Chereads / UNCOVER / Chapter 21 - Pria Bodoh

Chapter 21 - Pria Bodoh

"apa kau mengikutiku?" tanyaku setelah keluar dari tempat persembunyianku.

Pria itu menatapku tajam, dia mendekat dan menarik tanganku menuju ke satu tempat.

"lepaskan tanganku, kau mau membawaku kemana? Heyy!" keluhku tidak terima.

Pria itu tetap diam dengan mencengkram tanganku, dapat di pastikan tanganku akan memerah nantinya. Dasar pria kasar.

"apa kau mengataiku?" tanya pria itu saat ia menghentikan langkahnya sesaat.

"tidak!" balasku cepat.

'darimana dia tau aku mengatainya? Dasar aneh' batinku bingung.

"kau memang mengataiku, jujur saja!" kecam James padaku.

Aku mengacuhkannya, lalu ia kembali menarik ke masuk ke dalam sebuah ruangan. Tunggu, apa ini kamar?

"kenapa kau membawaku kemari?" tanyaku curiga padanya.

James melepaskan genggamannya, dan itu membuatku langsung mengelus tanganku yang memerah. James menatapku tajam, namun aku mengacuhkannya.

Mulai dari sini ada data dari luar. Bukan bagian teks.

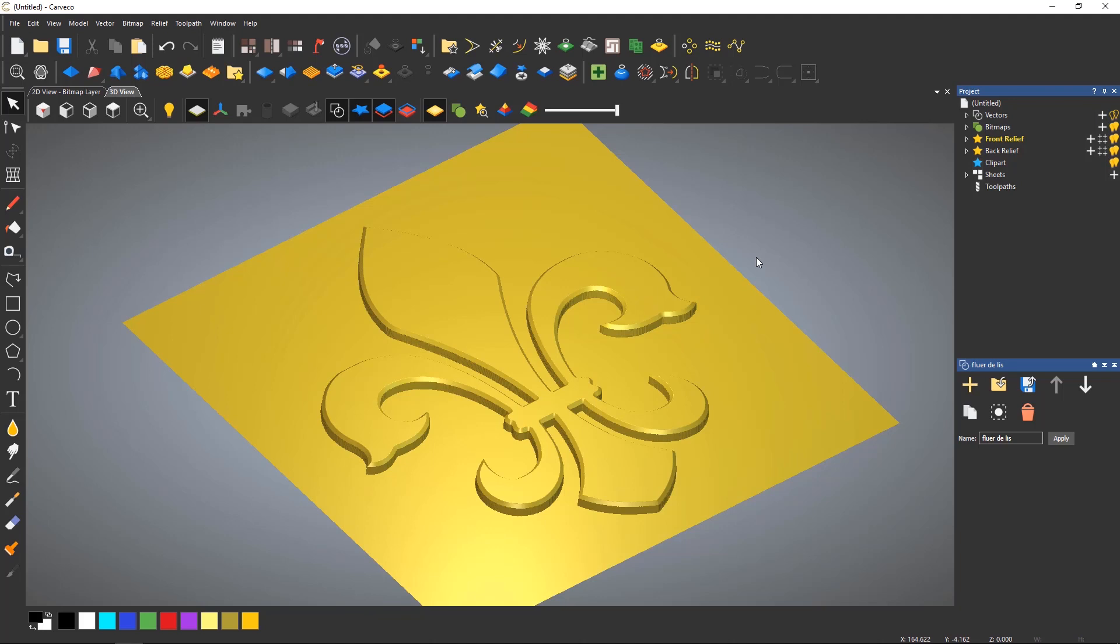Here you can see that I have a relief that I would like to make smaller and create some sort of pattern with it. It can be turned into floating clip art, which is always blue, by selecting the relief cookie cutter tool which is located on the top toolbar.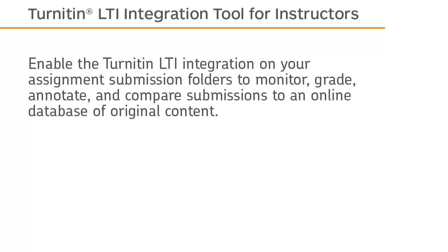Enable the Turnitin LTI integration on your assignment submission folders to monitor, grade, annotate, and compare submissions to an online database of original content.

"kenapa? Ini adalah kamarku, aku bebas disini." jawab James santai.

"tunggu, kau membawaku ke kamarmu? Kau gila, aku akan pergi." ucapku was-was, lalu berbalik akan keluar dari kamar ini. Namun, pintu itu tertutup dengan sendirinya.

"apa yang kau lakukan? Cepat buka pintunya!" kesalku pada James.

James menyeringai padaku, membuatku bergidik ngeri.

"belum saatnya, kau harus menjawab pertanyaanku dulu baru kau bisa keluar dari sini!" balas James tajam.

Aku mengernyit, sepertinya aku sudah ketahuan. Maka aku akan membuat kesepakatan padanya, jika memang dia sudah mengetahui maksudku. Aku menghela nafas dan bersikap seperti gadis polos dan ceroboh, namun sedikit pintar.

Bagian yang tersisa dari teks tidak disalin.